[Data extracts Boundary: Start]

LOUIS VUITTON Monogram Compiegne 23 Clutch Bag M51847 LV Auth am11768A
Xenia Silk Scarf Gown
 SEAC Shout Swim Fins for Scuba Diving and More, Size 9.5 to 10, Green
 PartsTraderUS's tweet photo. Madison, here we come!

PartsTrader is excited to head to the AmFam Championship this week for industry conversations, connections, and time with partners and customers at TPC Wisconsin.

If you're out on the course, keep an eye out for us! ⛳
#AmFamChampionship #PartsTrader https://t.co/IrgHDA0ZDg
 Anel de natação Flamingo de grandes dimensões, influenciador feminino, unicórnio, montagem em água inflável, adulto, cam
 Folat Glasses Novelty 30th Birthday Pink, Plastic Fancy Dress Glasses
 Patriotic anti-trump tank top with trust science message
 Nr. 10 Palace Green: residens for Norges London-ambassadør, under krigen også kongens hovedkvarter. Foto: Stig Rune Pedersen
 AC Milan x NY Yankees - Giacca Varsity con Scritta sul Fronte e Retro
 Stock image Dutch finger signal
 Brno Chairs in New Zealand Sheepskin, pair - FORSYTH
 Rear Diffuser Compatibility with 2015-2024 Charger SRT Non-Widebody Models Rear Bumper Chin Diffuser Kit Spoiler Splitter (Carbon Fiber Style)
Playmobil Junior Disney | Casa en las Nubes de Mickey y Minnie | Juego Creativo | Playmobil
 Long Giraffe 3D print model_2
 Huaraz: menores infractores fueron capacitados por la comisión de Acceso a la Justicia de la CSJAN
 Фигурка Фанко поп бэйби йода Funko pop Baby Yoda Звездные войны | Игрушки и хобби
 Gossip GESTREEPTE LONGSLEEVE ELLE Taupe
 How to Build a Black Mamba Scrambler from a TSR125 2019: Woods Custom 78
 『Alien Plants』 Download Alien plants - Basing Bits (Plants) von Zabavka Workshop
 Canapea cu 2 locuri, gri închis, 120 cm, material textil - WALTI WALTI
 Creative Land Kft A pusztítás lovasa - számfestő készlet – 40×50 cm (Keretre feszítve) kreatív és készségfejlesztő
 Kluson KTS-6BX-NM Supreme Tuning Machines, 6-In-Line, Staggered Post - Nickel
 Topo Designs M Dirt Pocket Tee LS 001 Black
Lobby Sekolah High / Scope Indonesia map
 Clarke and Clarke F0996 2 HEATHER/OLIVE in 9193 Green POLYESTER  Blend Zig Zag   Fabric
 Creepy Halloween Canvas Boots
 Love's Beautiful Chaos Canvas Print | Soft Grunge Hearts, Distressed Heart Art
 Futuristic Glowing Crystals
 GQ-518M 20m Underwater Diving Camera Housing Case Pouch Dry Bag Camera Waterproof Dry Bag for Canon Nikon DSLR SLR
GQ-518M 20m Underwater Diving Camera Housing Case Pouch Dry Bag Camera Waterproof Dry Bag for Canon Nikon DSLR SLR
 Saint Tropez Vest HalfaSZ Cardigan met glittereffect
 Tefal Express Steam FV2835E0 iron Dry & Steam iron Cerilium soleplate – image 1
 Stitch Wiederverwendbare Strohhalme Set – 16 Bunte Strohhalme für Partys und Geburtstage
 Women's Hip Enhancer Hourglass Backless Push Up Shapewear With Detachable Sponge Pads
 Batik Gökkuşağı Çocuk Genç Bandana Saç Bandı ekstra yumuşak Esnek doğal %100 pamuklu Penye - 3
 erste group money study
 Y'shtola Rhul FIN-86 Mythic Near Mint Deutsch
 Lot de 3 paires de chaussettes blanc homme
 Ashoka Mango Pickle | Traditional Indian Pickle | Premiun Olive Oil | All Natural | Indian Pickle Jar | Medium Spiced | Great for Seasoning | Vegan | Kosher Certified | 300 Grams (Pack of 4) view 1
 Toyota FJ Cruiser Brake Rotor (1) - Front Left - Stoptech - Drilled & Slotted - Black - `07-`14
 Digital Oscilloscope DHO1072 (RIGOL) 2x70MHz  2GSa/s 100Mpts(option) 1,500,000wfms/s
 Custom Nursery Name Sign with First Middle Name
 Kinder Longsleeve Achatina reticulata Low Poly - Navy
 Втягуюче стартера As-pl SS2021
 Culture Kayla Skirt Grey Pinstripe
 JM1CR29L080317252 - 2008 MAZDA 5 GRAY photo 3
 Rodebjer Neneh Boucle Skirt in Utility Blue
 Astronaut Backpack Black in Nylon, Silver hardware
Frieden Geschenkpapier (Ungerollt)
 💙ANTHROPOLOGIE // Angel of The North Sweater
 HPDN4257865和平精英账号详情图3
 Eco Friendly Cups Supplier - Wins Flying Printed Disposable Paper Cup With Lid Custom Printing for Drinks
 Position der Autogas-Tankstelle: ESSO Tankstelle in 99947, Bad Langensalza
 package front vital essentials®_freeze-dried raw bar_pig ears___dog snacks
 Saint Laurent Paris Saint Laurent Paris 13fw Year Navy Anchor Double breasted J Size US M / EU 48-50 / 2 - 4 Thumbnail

[Data extracts Boundary: End]

*Requirement*.
Return the material above in full, word for word.

*Answer to the exercise*.
LOUIS VUITTON Monogram Compiegne 23 Clutch Bag M51847 LV Auth am11768A
Xenia Silk Scarf Gown
 SEAC Shout Swim Fins for Scuba Diving and More, Size 9.5 to 10, Green
 PartsTraderUS's tweet photo. Madison, here we come!

PartsTrader is excited to head to the AmFam Championship this week for industry conversations, connections, and time with partners and customers at TPC Wisconsin.

If you're out on the course, keep an eye out for us! ⛳
#AmFamChampionship #PartsTrader https://t.co/IrgHDA0ZDg
 Anel de natação Flamingo de grandes dimensões, influenciador feminino, unicórnio, montagem em água inflável, adulto, cam
 Folat Glasses Novelty 30th Birthday Pink, Plastic Fancy Dress Glasses
 Patriotic anti-trump tank top with trust science message
 Nr. 10 Palace Green: residens for Norges London-ambassadør, under krigen også kongens hovedkvarter. Foto: Stig Rune Pedersen
 AC Milan x NY Yankees - Giacca Varsity con Scritta sul Fronte e Retro
 Stock image Dutch finger signal
 Brno Chairs in New Zealand Sheepskin, pair - FORSYTH
 Rear Diffuser Compatibility with 2015-2024 Charger SRT Non-Widebody Models Rear Bumper Chin Diffuser Kit Spoiler Splitter (Carbon Fiber Style)
Playmobil Junior Disney | Casa en las Nubes de Mickey y Minnie | Juego Creativo | Playmobil
 Long Giraffe 3D print model_2
 Huaraz: menores infractores fueron capacitados por la comisión de Acceso a la Justicia de la CSJAN
 Фигурка Фанко поп бэйби йода Funko pop Baby Yoda Звездные войны | Игрушки и хобби
 Gossip GESTREEPTE LONGSLEEVE ELLE Taupe
 How to Build a Black Mamba Scrambler from a TSR125 2019: Woods Custom 78
 『Alien Plants』 Download Alien plants - Basing Bits (Plants) von Zabavka Workshop
 Canapea cu 2 locuri, gri închis, 120 cm, material textil - WALTI WALTI
 Creative Land Kft A pusztítás lovasa - számfestő készlet – 40×50 cm (Keretre feszítve) kreatív és készségfejlesztő
 Kluson KTS-6BX-NM Supreme Tuning Machines, 6-In-Line, Staggered Post - Nickel
 Topo Designs M Dirt Pocket Tee LS 001 Black
Lobby Sekolah High / Scope Indonesia map
 Clarke and Clarke F0996 2 HEATHER/OLIVE in 9193 Green POLYESTER  Blend Zig Zag   Fabric
 Creepy Halloween Canvas Boots
 Love's Beautiful Chaos Canvas Print | Soft Grunge Hearts, Distressed Heart Art
 Futuristic Glowing Crystals
 GQ-518M 20m Underwater Diving Camera Housing Case Pouch Dry Bag Camera Waterproof Dry Bag for Canon Nikon DSLR SLR
GQ-518M 20m Underwater Diving Camera Housing Case Pouch Dry Bag Camera Waterproof Dry Bag for Canon Nikon DSLR SLR
 Saint Tropez Vest HalfaSZ Cardigan met glittereffect
 Tefal Express Steam FV2835E0 iron Dry & Steam iron Cerilium soleplate – image 1
 Stitch Wiederverwendbare Strohhalme Set – 16 Bunte Strohhalme für Partys und Geburtstage
 Women's Hip Enhancer Hourglass Backless Push Up Shapewear With Detachable Sponge Pads
 Batik Gökkuşağı Çocuk Genç Bandana Saç Bandı ekstra yumuşak Esnek doğal %100 pamuklu Penye - 3
 erste group money study
 Y'shtola Rhul FIN-86 Mythic Near Mint Deutsch
 Lot de 3 paires de chaussettes blanc homme
 Ashoka Mango Pickle | Traditional Indian Pickle | Premiun Olive Oil | All Natural | Indian Pickle Jar | Medium Spiced | Great for Seasoning | Vegan | Kosher Certified | 300 Grams (Pack of 4) view 1
 Toyota FJ Cruiser Brake Rotor (1) - Front Left - Stoptech - Drilled & Slotted - Black - `07-`14
 Digital Oscilloscope DHO1072 (RIGOL) 2x70MHz  2GSa/s 100Mpts(option) 1,500,000wfms/s
 Custom Nursery Name Sign with First Middle Name
 Kinder Longsleeve Achatina reticulata Low Poly - Navy
 Втягуюче стартера As-pl SS2021
 Culture Kayla Skirt Grey Pinstripe
 JM1CR29L080317252 - 2008 MAZDA 5 GRAY photo 3
 Rodebjer Neneh Boucle Skirt in Utility Blue
 Astronaut Backpack Black in Nylon, Silver hardware
Frieden Geschenkpapier (Ungerollt)
 💙ANTHROPOLOGIE // Angel of The North Sweater
 HPDN4257865和平精英账号详情图3
 Eco Friendly Cups Supplier - Wins Flying Printed Disposable Paper Cup With Lid Custom Printing for Drinks
 Position der Autogas-Tankstelle: ESSO Tankstelle in 99947, Bad Langensalza
 package front vital essentials®_freeze-dried raw bar_pig ears___dog snacks
 Saint Laurent Paris Saint Laurent Paris 13fw Year Navy Anchor Double breasted J Size US M / EU 48-50 / 2 - 4 Thumbnail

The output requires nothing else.